I can't do much about any of the profound events that have saddened me. I think, much as this analogy pains me, that sometimes I'm the ant. My little world is suddenly much different than it was, and I find myself scurrying around. Confused. Scared. Powerless.
The interesting consequence from all this vulnerability is that I want to change a bunch of stuff myself. Gain some control. I rearranged my bedroom – moved some furniture to the attic, opened up a lot of space in there. I wake up every morning and realize that change can be lovely – I like not having to worry about stubbing my toe as I make my way out of the room. So I decided to move my desk around at work. Put away my journals to open up some space. Changed some of the pictures on my bulletin board. Am going to put up some postcards tomorrow. I like it – it somehow stimulates productivity for me to look at new items, or old items in new places. I changed my theme for Firefox. Bought a new kind of yogurt.

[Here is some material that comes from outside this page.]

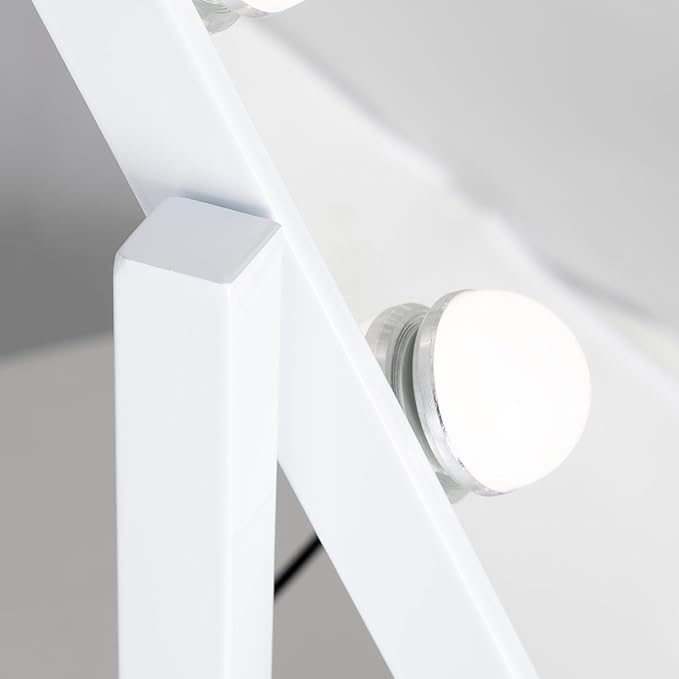 Zadro Hollywood Lighted Vanity Mirror with 15 LED Bulbs, 3 Color Light Settings, 360° Rotation Makeup Mirror Head (21" H x 18" W | 1X | White)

This is basically an effort to avoid doing anything stupid. I’m a little desperate to alter something that will make me better. More happy than sad. My baseline mood lately is low – I find myself avoiding calls, and not really enjoying the ones I take. The bigger concern is that I’m behind on answering email, which really doesn’t happen to me often at all. I feel a step removed from life in general, which is actually good – the hurt is a little less that way, but my level of sadness remains mostly unchanged. The blog is crap lately and I really don’t care. You can stop reading it – that’s fine. Someone came over for dinner. OK. My plans for the weekend fell through. Not a problem – gives me more time to finish weeding my flower bed. I just can’t work up much energy to care.
The problem is that it’s another habit that has consequences. I don’t want to adjust into feeling this way – it’s not who I am or what I want for myself. But I’m disengaging because I don’t know what else to do. Look for another job? No – too soon. And it’s going reasonably well at work. End friendships? No – that’s a bit silly. Just because nobody can make me laugh like I normally did or care as much as I once would have doesn’t mean I love them any less. Date someone? Not now – 2 weeks ago I would have wanted him to rescue me from my sadness, my fear of being unimportant. But now I don’t think I could let anyone in. That would require caring and I don’t care right now. Move? No – I bought a house. A change of scenery might do me some good, but I adore my little home. So I’ll move furniture instead, fix landscaping, clean the garage. That does actually help – I smile when I see the little improvements I’ve made lately.
I think – because I’m not really sure of my point – that I’m reminding myself that my actions have consequences that aren’t necessarily predictable. I’m now stuck taking walks each morning regardless of how I feel or how late I’m running. I feel too guilty about disappointing Chienne to skip our outings very often at all. Even in the insane heat lately. And if I stay withdrawn for too long, it’s a little like the flower bed. Difficult and time consuming to fix.
For now though, I’m not quite able to see out of my protective little shell. There are moments where I can pull it off, but then I tuck back inside and settle in. For just a little while longer… All the while hoping that if I have to be the ant, people will leave my protective weeds alone while I recover a little bit.
1 comment:
*hugs* I've found myself stuck with habits that arose from feeling miserable and not caring and it does suck to try to change them, when I still feel fairly down and apathetic. I think if you just keep moving, as you are, fixing/changing small things as you feel like it, you'll figure out what you really want to be doing, without losing too much momentum.
And the blog is so not crap. I love your writing and I can empathise with a lot of what you're feeling.